Signore, 29, has already served as a police officer for a whole decade. His passion started at an early age and led him to the Newtown Township Police Department in Delaware County, where he has been stationed for the last three years.
But Signore is not an ordinary patrolman. He is a use of force instructor, teaching fellow officers the art of Jiu-Jitsu as a means of apprehending suspects with less force. He frequently trains alongside other officers, veterans, and more at Onyx Combat Sports, a small business that opened earlier this year.
Signore is also a SWAT officer with the Central Delco Tactical Response Team.
"At any given time, if there's a really bad situation, we get notified and we respond to wherever that situation is," he said. "We formulate a good plan and try to execute that."
Such a dangerous job is paired with exhaustive training to equip each officer with the tools they need to succeed and survive.
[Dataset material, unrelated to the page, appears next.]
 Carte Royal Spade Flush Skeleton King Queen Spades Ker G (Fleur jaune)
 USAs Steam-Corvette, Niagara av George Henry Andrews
The National Tactical Officers Association offers a SWAT Physical Fitness Qualification test to increase mission readiness and decrease injuries and use of force.
For the first time, in April of 2021, they converted this test into a nationwide challenge for SWAT officers.
"It was a 800-meter sprint, followed by a 400-meter sprint with weights," said Signore. "Burpees, jump squats, and pull-ups. Most of this was done with a gas mask, no filter, full gear."
Despite the daunting test of skill, Signore was excited to take on the opportunity. He and other officers geared up on the track field at Neumann University. With limited air and only three minutes of breathing time in between challenges, it simulated a real-world experience on a SWAT team mission.
"Yeah, it's a torture session a little bit," he said.
But it was all worth it in the end. Signore was notified that he scored in the top 10 of nationwide participants in the Physical Fitness Qualification Challenge.
"I was not expecting it. I mean, you figure out how many police departments are in the United States," he said. "We're not looking for any type of recognition. We just want to make that difference in our community."
Signore hopes that others will be inspired to become police officers just like him.
"If we can get a couple extra guys come out and apply, you know, it can make a world of a difference in such a small community," he said.